The simplest loans — those involving one person with one checking and savings account —require 33 pages of disclosure documents, said Todd Huettner, president of Denver-based Huettner Capital, a real estate mortgage brokerage.

Home-loan frustrations, Huettner said, are touching “every borrower.” But the most qualified applicants — high-income, high-credit folks who three years ago zoomed through the process with 10-minute pre-qualification calls and no-doc loans — now are most apt to choke on red tape because they have “the most complex finances,” he said. In such cases, an underwriter often demands extra documentation from the borrower “five, six, or seven” times.

“And considering that each iteration takes about a week, that’s why people are spending two and three months trying to get a loan done,” he said.

According to a survey conducted earlier this year by The Work Number — an employment verification database used by more than half of the Fortune 500 companies — 72 percent of respondents said they are confused by the flood of disclosure forms.

“We were joking while signing all the paperwork (for our mortgage) that, on paper, I don’t think anybody knows us better right now,” said Aaron Lupo. Last week, he and his wife closed on a $150,000 home in Olathe, Kan. The underwriters “know everything there is to know about us.”

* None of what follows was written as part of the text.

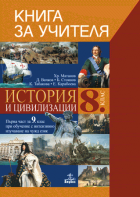 Корица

But consumers like Wilkinson-Raemer in Manhattan, stuck in rental purgatory, are paying the steepest price.

In a “normal market,” about six of every 10 loan applicants are approved, estimated Paul McFadden, a loan officer at the Legacy Group in Bellevue, Wash. Before 2008, at the height of the subprime lending craze, roughly nine of every 10 loans were approved, he said.

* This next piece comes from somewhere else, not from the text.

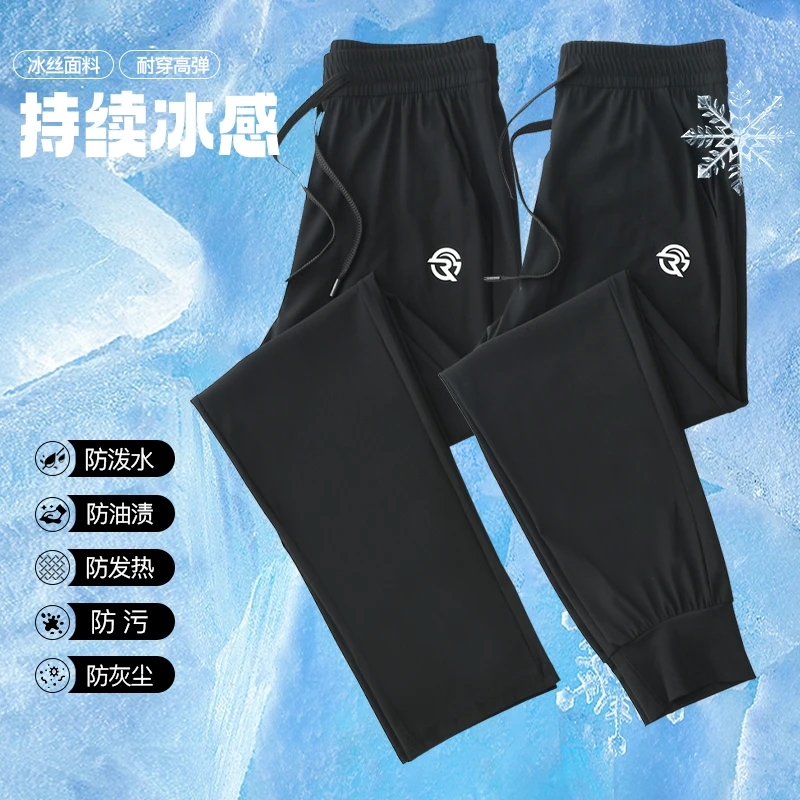 【现货+锦纶+三防+防泼水+冰感】男女同款夏季休闲速干长裤ZB250311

“Now, it is probably three out of 10,” McFadden said. “As a lender, we've all had to adjust to a new reality.”

“In many cases, borrowers who have proven their ability to buy homes and pay for mortgages are being penalized and declined mortgages,” Jaffe said.

Huettner also blamed federal reforms for mucking up the mortgage machine.

RESPA — the Real Estate Settlement Procedures Act — requires lenders to supply good-faith estimates to would-be buyers, revealing loan terms and closing costs. As a result of the law, which went into effect Jan. 1, brokers cannot order property appraisals until their clients have had the good-faith estimates for three days — an “artificial delay,” according to Huettner.

Then there’s the federal Home Valuation Code of Conduct, which prohibits lenders, brokers and agents from selecting or having “substantive” communication with a residential appraiser. The idea was to ensure appraiser independence.

Before the mortgage crisis, fraudulent appraisals inflated many home values. Yet as a result of the new code of conduct, appraisers now might come from 20 to 50 miles away and are unfamiliar with the neighborhood’s nuances. As a result they often write “egregiously low” appraisals, Huettner and other brokers contend.

“The regulatory stuff coming from Washington ... it’s bad,” Huettner said. But he said the pendulum might not have swung as far as some believe.

Some of “the whining you’re hearing,” Huettner believes, lies with “inexperienced” mortgage brokers who “don’t have underwriting expertise.”

Huettner doesn’t see loan guidelines as being substantively different from years past. The real change: the paper trail of income evidence that’s now required.

He said the new scrutiny of borrowers is a change from recent years but not unprecedented.

"Go talk to someone who bought a home 40 years ago," he said. "They had to produce all kinds of documentation.”

“The end result here is that lenders and investors want to be certain that they have minimized any opportunity for default prior to originating a mortgage,” said Jim Sahnger, a mortgage brokers in Jupiter, Fla.

“As procedures were implemented to verify all aspects of the application, confidence has returned. And part of the result is the lowest mortgage rates we have ever seen,” Sahnger said. But “today, just because you have a FICO score in the 740-plus range does not mean you don’t have to prove it.”